Perasaan Yang Sama

282 19 0
                                    

   Dina merasa sedih melihat putrinya yang sekarang ini.

  Vio lebih sering menyendiri di kamar inapnya, menangis setiap mengingat kenanganya bersama Vian. Dan Vio terlihat seperti kehilangan sesuatu yang berharga untuk hidupnya.

  Pagi ini, Dina tengah memperhatikan Vio yang menangis kecil di pojok kamar rawatnya sambil memperhatikan surat pemberian Vian.

  "Vio...dari pada kamu nangisin Vian terus, lebih baik kamu ke makamnya kamu doain dia yah" Dina duduk di depan Vio yang masih menangisi kepergian Vian.

  "Ibu...Vian itu belum pergi. Dia kan orangnya tepat janji,nanti juga dia dateng lagi" Vio menyeka air matanya.

  "Vio..."

  "Mana mungkin dia pergi lama-lama. Kan dia harus Ujian Nasional" Vio tertawa kecil, dengan tatapan matanya yang kosong.

  "Vio sayang... sampai kapan kamu mau kayak gini. Vian sudah pergi dua minggu yang lalu, kamu jangan kayak gini" Dina memeluk Vio.

  "Ibu! Vio itu jauh lebih percaya sama Vian! Dia itu tepat janji!" Vio mendorong kecil Dian dari hadapanya.

  "Vio!"

  Dokter Kalania membentak Vio. Habis sudah kesabaranya akan gadis yang satu ini.
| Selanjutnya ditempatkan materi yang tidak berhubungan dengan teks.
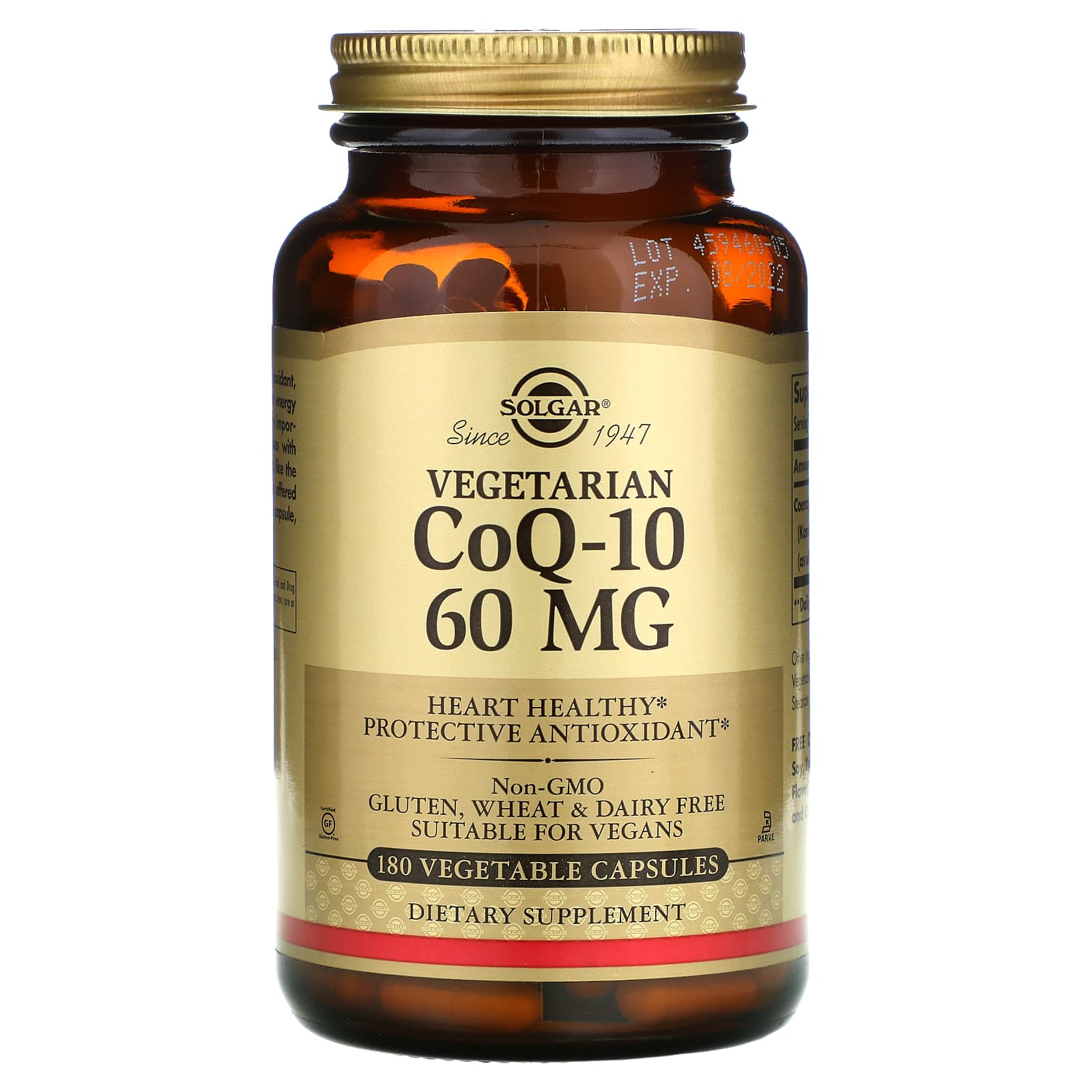Solgar, CoQ-10, 60 mg, Coenzyme, Vegetarian, 180 Vegetable Capsules UPC 033984009387 | HiLife Vitamins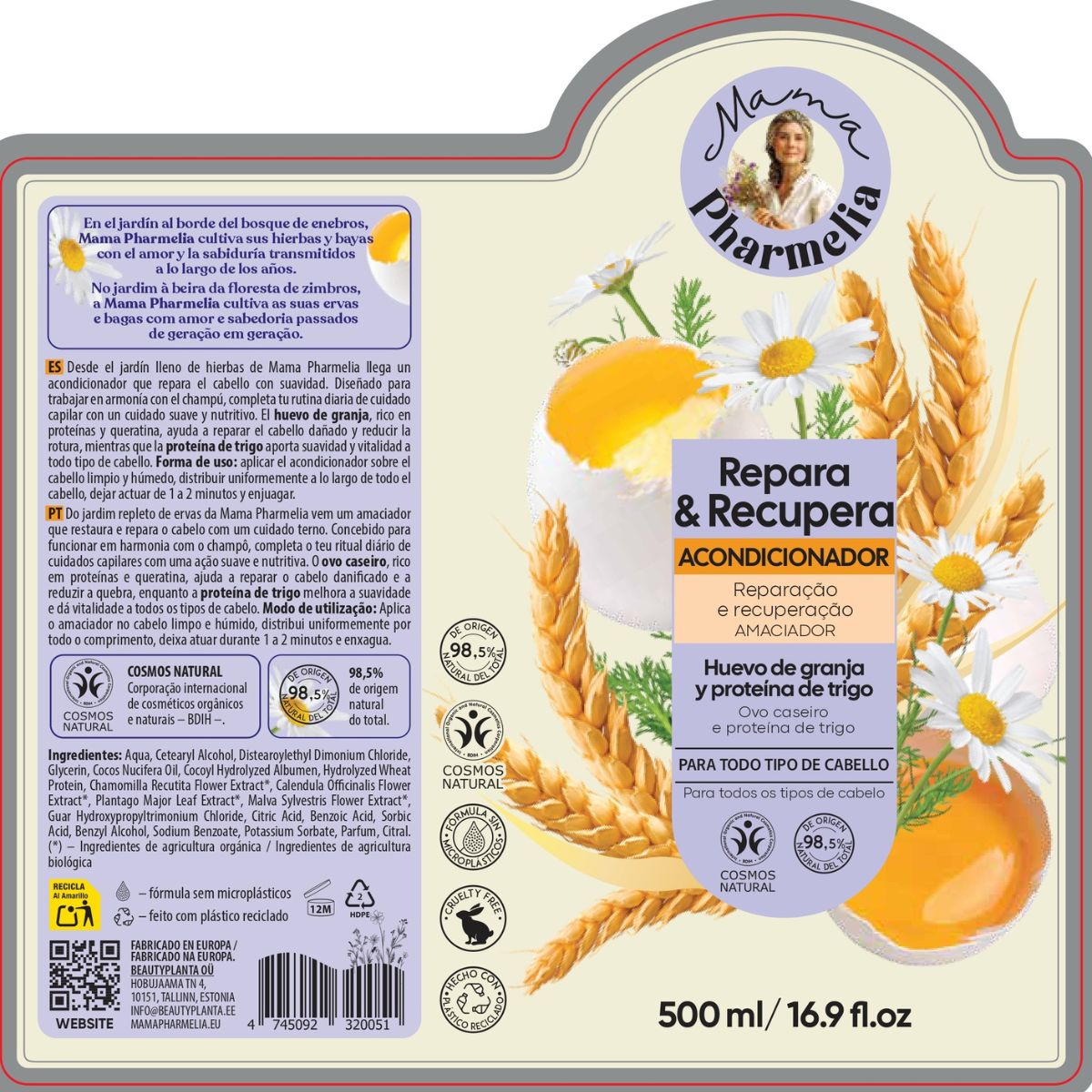 Odżywka regenerująca z jajkiem z chowu na wolnym wybiegu i proteiną pszeniczną, Mama Pharmelia, 500 ml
  Vio menjadi pemurung,jarang bicara,bertanya kapan Vian akan pulang, terus begitu selama dua minggu.

  "Ikut saya!"

  Dokter Kalania menarik paksa tangan Vio. Vio pun hanya bisa mengikuti kemana Dokter Kalania membawanya.

  "Dokter, mau bawa saya ke Vian yah? Baguslah" Vio tersenyum riang sekali. Dia tidak menangis seperti tadi, tapi yang sekarang Dokter Kalania lah yang menangis.

  "Selama ini, Vian itu kemana ajah sih dok? Kenapa dia gak kasih kabar kalau mau pergi jalan-jalan dasar Vian!" Vio tertawa kesal.

  Vian.Kamu salah, kepergian mu itu pasti membuat luka, dan lihatlah... Gadis yang kau cintai ini sangat terluka.

  "Coba aku telpon Vian yah dok, siapa tau nomornya udah aktif lagi"

  Vio membuka ponselnya, dengan gerakan cepat dia mencari kontak Vian. Lalu segera men Vian elponya.

  Dokter Kalania mencengkram erat stir mobilnya, menahan tangisanya sekuat mungkin.

  "Gak diangkat juga. Kayaknya dia ganti nomor" Vio terkekeh pelan.

  Akhirnya mereka sampai di tempat pemakaman di daerah Bogor.

  Vio yang masih menggunakan pakaian rumah sakit, bingung setengah mati. Kenapa dia di bawa ke tempat ini?

  "Ehmm dok, kita mau apa di sini?" Vio bertanya dengan wajah polosnya.

  Dokter Kalania kehabisan akal lagi membuat Vio menerima kepergian Vian dengan senyuman. Tapi nyatanya? Vio histeris sampai seperti ini, sampai-sampai lupa kalau Vian sudah meninggal.

  Vio mengikuti Dokter Kalania dari belakang. Sambil memikirkan siapa yang meninggal?

   Lalu mereka berhenti di sebuah makam. Makam yang terlihat masih baru, dan bertabur banyak bunga mawar di sekitarnya.

  Vio membaca Nisan makam itu saat mereka berdiri di samping makam itu.

  "Saya rasa kamu bisa membaca tulisan itu dengan baik"

  Dokter Kalania menutup mulutnya dengan telapak tanganya sambil menangis.

  Vio mematung diam. Dia membaca berkali-kali Nisan di sampingnya.